間取りの話 ①

薄い関心

「間取り」は家づくりにおいて、間違いなく最重要項目のひとつで単に部屋を配置する以上に、

そこは住まい手の「暮らし方」と「価値観」が反映されることになる大切な作業ですが、

住まい手の関心はそれほど高くないという印象を持っています。

家族構成から部屋数を決定し、面積を決定し、後はそれにLDKを加え、リビングは少し広めに・・

一般の住まい手が考える「間取り」とは、概ねその程度でしかありません。

「それで十分じゃないか・・」という声が聞こえてきそうですが、実際この程度の認識でも

モノとしての家は建つでしょうが、それで長い間、大きな不満なく暮らせるかどうかは

昨今のリフォームブームが現わしており、

その多くで「間取りの変更」が実施されていることは周知の事実です。

「間取り」などという地味なプランを考えるよりも、外壁のカラーや材質

魅力的なキッチンシステムに使いやすそうな設備機器など、住まい手の目には間取りを考えるより

直感的なお楽しみが多くある「モノ」の方に関心が行きがちなのは分かりますが、

所詮モノはモノでしかなく、お楽しみはそう長くは続きません。

それに対して「間取り」は住まい手の暮らしそのものに関わる部分であり

適切な間取りはそこに暮らす人たちに、長い間幸せを与え続けてくれるのです。

定番を考え直してみる(!)

家族に必要な部屋数にLDKを加え、間取りは完成・・というのが現在の家づくりの定番となっています。

なんの疑いもなくこれらの作業が行われていますが、はたしてそれで本当に良いのでしょうか?

と、もう一度考え直してみてください。

例えば親子4人の家族が、新居を計画するとします。子供は中学3年生の女子と小学6年生の男子。

ご夫婦は男の子が将来結婚し、同居してくれると考えがちでしょうが、最近はそうでもありません。

仮に二人の子供のどちらもご夫婦と同居してくれないとすると、ふたつの子供部屋は不要となり

多くの場合それらの部屋は2F以上に作られることも多いため、齢を重ねたご夫婦が利用するのは少し不便。

それでも時々孫を連れて遊びに来るからその部屋はそのまま放置しておく。

子供部屋を優先したためご夫婦の主寝室は少し窮屈で、広々とした子供部屋だけが残るでしょう。
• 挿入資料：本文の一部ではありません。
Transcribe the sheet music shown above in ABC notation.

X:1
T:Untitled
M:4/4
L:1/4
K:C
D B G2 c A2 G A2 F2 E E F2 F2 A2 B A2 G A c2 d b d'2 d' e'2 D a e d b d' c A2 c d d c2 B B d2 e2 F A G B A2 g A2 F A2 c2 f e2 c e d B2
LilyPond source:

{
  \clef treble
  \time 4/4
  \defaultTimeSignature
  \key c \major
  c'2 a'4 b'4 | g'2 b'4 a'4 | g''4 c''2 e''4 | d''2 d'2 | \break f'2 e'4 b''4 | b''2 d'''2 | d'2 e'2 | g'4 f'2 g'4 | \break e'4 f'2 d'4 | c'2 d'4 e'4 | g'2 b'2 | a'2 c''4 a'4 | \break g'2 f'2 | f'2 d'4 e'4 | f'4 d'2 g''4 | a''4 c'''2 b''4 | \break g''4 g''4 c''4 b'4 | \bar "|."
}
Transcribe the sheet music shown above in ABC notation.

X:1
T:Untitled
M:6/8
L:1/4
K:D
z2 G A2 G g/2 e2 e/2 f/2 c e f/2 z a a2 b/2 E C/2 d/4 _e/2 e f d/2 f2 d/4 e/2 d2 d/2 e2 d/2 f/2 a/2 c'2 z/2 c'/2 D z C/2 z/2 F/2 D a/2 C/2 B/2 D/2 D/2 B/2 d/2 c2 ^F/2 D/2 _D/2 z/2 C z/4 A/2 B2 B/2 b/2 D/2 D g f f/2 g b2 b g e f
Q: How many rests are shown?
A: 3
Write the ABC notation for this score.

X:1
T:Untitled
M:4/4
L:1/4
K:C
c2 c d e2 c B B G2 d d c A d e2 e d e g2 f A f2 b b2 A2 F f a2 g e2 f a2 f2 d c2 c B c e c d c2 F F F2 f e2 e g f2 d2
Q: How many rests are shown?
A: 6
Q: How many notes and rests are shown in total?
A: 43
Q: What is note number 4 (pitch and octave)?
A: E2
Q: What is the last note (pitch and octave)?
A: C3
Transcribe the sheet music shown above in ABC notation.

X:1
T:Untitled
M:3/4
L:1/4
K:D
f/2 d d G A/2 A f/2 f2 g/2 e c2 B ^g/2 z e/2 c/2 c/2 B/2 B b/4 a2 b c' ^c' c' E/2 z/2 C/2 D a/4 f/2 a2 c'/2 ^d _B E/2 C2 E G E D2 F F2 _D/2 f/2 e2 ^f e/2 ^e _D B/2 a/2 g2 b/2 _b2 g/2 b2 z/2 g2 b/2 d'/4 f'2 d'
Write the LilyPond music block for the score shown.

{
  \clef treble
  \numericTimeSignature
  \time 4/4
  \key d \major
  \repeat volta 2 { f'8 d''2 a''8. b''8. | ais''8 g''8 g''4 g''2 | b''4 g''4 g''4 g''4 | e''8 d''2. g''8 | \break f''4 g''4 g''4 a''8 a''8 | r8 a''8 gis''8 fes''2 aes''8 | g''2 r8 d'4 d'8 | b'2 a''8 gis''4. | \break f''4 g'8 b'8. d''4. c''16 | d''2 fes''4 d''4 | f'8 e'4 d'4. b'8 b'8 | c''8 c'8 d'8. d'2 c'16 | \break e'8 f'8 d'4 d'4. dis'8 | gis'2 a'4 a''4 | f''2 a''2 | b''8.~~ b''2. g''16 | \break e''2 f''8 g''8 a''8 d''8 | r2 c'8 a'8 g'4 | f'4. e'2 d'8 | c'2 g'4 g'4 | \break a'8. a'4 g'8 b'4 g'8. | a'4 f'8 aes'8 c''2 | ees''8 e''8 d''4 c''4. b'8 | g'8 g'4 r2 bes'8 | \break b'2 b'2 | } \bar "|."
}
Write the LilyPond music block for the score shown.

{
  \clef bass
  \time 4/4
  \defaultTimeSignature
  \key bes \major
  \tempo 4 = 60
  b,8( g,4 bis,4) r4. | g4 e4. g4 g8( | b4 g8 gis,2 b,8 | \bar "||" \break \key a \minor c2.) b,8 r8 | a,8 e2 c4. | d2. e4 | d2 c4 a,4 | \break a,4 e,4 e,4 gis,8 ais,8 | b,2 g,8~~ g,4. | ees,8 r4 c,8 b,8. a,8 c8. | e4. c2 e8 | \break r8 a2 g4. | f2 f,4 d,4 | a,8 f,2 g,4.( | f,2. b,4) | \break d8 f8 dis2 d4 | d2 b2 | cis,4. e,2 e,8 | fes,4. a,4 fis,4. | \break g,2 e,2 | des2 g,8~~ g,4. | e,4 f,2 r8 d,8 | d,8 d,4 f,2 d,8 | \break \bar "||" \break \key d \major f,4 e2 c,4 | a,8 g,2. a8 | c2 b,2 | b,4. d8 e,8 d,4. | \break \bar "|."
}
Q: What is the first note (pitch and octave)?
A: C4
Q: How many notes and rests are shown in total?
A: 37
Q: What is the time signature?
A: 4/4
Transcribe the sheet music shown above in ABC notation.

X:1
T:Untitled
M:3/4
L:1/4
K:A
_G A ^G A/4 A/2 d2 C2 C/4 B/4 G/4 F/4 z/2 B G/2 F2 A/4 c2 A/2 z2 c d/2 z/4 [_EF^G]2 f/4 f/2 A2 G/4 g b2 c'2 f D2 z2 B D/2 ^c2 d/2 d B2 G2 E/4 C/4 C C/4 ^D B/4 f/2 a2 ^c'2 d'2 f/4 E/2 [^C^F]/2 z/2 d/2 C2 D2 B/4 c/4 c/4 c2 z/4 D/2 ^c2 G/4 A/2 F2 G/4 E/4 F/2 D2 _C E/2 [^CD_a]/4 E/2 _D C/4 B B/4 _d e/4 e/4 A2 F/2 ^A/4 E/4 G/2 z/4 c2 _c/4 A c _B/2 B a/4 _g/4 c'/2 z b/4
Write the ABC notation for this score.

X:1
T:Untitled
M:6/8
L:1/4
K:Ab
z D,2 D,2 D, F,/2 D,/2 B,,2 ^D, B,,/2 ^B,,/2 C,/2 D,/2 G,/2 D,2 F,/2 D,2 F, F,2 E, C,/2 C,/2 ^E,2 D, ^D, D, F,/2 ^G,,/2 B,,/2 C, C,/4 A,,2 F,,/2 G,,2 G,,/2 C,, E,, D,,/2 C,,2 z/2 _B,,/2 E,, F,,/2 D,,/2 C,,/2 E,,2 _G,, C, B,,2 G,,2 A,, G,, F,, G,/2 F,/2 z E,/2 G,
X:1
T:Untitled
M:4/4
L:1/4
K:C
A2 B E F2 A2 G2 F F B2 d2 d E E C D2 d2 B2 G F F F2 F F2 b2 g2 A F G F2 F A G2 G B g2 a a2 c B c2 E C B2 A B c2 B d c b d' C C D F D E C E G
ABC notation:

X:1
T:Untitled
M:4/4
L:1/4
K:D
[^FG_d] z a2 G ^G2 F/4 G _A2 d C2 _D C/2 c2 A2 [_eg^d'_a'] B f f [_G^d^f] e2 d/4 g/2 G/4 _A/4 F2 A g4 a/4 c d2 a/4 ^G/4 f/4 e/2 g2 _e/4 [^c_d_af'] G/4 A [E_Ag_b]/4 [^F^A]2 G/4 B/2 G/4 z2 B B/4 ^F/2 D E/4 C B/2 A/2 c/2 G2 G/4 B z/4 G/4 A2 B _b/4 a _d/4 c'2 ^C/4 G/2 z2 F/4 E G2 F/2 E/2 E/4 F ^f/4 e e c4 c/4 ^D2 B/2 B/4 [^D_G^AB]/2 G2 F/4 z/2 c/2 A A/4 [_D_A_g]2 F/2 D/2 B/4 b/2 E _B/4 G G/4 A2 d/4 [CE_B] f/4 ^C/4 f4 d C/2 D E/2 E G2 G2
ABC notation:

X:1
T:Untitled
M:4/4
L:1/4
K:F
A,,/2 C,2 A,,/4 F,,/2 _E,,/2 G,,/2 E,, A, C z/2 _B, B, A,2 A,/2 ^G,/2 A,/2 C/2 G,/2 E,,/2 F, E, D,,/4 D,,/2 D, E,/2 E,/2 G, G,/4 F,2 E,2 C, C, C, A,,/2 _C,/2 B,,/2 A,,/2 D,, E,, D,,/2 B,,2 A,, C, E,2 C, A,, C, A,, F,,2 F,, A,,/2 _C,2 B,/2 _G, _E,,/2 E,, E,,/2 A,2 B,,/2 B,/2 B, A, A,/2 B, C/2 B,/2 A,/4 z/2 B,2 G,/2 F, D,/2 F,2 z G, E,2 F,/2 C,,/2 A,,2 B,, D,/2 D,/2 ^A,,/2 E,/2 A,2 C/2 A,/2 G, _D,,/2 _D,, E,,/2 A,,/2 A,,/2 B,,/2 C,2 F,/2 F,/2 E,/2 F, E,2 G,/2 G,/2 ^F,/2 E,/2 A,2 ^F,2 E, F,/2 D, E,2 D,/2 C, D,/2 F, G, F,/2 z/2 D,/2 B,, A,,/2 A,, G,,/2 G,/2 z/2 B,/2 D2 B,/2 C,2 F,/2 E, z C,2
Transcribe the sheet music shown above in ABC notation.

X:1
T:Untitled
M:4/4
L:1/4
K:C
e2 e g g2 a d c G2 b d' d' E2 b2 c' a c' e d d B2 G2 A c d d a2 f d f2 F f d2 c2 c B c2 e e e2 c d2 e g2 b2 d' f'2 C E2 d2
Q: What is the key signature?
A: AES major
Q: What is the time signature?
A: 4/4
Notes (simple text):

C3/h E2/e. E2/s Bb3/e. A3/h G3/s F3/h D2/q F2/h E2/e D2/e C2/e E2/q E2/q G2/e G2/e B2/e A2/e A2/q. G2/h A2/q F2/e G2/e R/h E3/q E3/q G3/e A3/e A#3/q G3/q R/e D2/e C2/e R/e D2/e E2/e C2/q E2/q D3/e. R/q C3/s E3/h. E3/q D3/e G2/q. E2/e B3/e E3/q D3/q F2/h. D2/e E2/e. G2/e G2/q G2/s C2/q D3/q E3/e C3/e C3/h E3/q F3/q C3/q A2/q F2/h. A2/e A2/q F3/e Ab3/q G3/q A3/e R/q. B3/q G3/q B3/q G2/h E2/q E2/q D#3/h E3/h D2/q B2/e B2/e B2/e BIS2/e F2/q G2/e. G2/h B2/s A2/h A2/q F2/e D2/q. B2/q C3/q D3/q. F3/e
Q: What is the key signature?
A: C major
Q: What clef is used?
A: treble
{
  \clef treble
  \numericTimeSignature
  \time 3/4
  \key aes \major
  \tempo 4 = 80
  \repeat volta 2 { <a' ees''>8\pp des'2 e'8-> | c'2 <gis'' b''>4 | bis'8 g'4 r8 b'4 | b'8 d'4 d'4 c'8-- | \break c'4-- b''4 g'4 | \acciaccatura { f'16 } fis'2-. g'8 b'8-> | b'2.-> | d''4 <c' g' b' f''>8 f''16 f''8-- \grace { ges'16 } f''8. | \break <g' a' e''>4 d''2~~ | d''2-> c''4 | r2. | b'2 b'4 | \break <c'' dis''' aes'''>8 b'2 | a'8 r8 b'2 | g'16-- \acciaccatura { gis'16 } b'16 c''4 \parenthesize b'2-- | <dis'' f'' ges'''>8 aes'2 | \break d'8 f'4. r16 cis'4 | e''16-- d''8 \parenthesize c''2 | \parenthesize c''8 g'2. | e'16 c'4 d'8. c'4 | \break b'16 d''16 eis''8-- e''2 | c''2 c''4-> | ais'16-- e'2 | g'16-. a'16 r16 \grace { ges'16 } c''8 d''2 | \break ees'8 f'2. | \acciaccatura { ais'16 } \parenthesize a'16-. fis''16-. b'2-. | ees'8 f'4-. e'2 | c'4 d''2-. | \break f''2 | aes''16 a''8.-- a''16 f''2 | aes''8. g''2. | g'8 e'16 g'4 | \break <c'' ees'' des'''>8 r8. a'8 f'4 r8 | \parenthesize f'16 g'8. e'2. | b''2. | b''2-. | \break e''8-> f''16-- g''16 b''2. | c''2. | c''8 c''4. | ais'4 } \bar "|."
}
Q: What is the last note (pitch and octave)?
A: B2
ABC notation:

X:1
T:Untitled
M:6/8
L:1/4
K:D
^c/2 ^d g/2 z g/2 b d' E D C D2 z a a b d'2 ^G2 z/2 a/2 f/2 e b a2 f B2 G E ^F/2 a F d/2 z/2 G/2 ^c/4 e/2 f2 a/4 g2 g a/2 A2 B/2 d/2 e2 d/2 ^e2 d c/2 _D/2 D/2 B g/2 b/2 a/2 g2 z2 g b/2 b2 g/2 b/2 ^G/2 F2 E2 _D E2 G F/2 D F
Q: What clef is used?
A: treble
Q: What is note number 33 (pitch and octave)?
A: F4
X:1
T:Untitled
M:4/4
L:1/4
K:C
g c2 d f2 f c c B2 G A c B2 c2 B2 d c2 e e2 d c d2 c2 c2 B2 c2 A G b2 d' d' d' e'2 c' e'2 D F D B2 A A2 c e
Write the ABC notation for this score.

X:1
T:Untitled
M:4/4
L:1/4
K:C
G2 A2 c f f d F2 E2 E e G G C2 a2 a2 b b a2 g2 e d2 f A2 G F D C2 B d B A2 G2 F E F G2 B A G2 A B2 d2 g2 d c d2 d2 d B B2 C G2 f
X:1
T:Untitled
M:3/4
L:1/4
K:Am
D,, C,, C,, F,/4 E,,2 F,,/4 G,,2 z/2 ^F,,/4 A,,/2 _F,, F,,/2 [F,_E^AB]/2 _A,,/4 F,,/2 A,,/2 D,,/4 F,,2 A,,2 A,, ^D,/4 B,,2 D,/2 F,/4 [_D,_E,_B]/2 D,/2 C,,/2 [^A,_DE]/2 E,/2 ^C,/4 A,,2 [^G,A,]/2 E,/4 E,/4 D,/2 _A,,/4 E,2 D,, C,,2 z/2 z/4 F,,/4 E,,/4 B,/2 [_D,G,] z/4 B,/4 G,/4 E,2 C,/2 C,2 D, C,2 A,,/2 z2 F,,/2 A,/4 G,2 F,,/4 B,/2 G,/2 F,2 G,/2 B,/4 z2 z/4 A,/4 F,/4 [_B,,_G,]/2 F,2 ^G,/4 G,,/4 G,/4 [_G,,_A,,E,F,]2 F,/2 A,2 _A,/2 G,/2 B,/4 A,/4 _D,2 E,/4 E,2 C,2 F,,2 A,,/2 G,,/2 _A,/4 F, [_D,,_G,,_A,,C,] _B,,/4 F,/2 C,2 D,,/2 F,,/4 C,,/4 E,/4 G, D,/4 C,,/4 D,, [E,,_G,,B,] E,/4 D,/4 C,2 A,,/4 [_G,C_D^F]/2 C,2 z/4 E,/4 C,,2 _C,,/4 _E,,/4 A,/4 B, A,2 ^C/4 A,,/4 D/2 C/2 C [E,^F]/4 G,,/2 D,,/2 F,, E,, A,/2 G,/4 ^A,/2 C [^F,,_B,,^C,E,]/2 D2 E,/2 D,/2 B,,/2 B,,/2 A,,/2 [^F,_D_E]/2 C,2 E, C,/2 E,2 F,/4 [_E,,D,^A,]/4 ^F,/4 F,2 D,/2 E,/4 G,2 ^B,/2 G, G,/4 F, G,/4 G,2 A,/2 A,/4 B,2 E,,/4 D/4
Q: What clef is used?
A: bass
家族4人で暮らせる時間を想定してみると、そう長くはないことに気づきます。

この場合、どんな間取りがこの家族に必要でしょう?

そう考えると、誰もが定番と信じて疑わない家族分の部屋+LDK という考え方は

必ずしも適切ではないと思えてきませんか?

少しだけ先読み。

家づくりを考えるとき、少なくとも20年先までの暮らし方を先読みする。

そんな意識が必要ではないかと私たちは考えています。

まだ子供たちが小学校低学年のころに家づくりを考えるのと

中学、あるいは高校生の子供がいる場合と、間取りの考え方は違ってくるはずです。

将来、子供部屋をご夫婦の主寝室拡張を見越して間取りをプランしたり

あるいはご夫婦の趣味を生かせるスペースに充てたりと、子供部屋の配置や面積、

あるいは構造を前もって想定しておくことも大切な間取りの考え方のはずです。

また少しでも広いリビングを好む傾向にありますが、広大なリビングがそれほど

有効に活用しているとは思い難く、それとは逆にダイニングはかつての茶の間のように

家族が集まる場所へと変化していると私は感じています。

食事をする場所がそのまま談話の場所になるというのはとても効率的で

特に都市部の住宅においてはダイニングルームを充実させる間取りは大いに有効と思えます。

また玄関も問題の多い場所といえる場所で、まだまだ改善の余地が残されています。

という具合に、間取りについてはとても1度で語りつくせるはずもなく、

この先も「間取り」については適宜書き足してゆく予定ですが、

現在まさに家づくりを始めようとしている住まい手の方々。

もう一度ゆっくり間取りを考え直してみてはいかがでしょう?

「間取り」を創るのは
家づくりの中でもっとも難儀な場面ですが
もっとも楽しい部分とも言えます。
その後の暮らし方にも大きく影響するため
「間取りプラン集」など参考にせず
家族のための家を
ゆっくり楽しんで創りましょう。